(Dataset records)
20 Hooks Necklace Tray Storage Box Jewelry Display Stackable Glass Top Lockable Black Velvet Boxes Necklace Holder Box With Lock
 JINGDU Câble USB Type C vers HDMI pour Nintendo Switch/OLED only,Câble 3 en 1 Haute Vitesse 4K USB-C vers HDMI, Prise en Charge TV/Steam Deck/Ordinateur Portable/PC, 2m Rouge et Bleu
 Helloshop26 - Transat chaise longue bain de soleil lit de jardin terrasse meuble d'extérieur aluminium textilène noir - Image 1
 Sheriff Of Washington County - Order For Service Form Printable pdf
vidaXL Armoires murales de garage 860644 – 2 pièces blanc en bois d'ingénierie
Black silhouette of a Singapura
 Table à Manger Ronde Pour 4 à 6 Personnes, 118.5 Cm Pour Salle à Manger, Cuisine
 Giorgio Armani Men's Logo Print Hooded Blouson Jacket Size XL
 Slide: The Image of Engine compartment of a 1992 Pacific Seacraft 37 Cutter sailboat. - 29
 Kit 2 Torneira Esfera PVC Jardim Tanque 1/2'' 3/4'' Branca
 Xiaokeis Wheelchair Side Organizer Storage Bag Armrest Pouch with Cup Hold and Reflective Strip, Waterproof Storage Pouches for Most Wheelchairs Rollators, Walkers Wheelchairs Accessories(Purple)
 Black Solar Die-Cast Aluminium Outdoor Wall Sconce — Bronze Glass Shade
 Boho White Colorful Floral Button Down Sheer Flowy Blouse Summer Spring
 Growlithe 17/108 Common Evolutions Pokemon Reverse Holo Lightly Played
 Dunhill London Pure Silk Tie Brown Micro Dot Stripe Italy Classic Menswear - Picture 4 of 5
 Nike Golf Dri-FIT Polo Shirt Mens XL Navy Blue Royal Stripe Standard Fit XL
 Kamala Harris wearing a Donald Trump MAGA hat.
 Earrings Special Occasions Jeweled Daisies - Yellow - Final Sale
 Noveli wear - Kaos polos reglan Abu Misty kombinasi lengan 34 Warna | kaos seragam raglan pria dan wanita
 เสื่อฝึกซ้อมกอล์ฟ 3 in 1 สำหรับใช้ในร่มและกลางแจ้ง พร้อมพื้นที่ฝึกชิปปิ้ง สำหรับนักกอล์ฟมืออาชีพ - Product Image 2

EXERCISE DESCRIPTION
Out of the entries above, write out only the lines between the line holding "Slide: The Image" and the line holding "Nike Golf Dri-FIT", inclusive, each exactly as given.

RESPONSE AREA
 Slide: The Image of Engine compartment of a 1992 Pacific Seacraft 37 Cutter sailboat. - 29
 Kit 2 Torneira Esfera PVC Jardim Tanque 1/2'' 3/4'' Branca
 Xiaokeis Wheelchair Side Organizer Storage Bag Armrest Pouch with Cup Hold and Reflective Strip, Waterproof Storage Pouches for Most Wheelchairs Rollators, Walkers Wheelchairs Accessories(Purple)
 Black Solar Die-Cast Aluminium Outdoor Wall Sconce — Bronze Glass Shade
 Boho White Colorful Floral Button Down Sheer Flowy Blouse Summer Spring
 Growlithe 17/108 Common Evolutions Pokemon Reverse Holo Lightly Played
 Dunhill London Pure Silk Tie Brown Micro Dot Stripe Italy Classic Menswear - Picture 4 of 5
 Nike Golf Dri-FIT Polo Shirt Mens XL Navy Blue Royal Stripe Standard Fit XL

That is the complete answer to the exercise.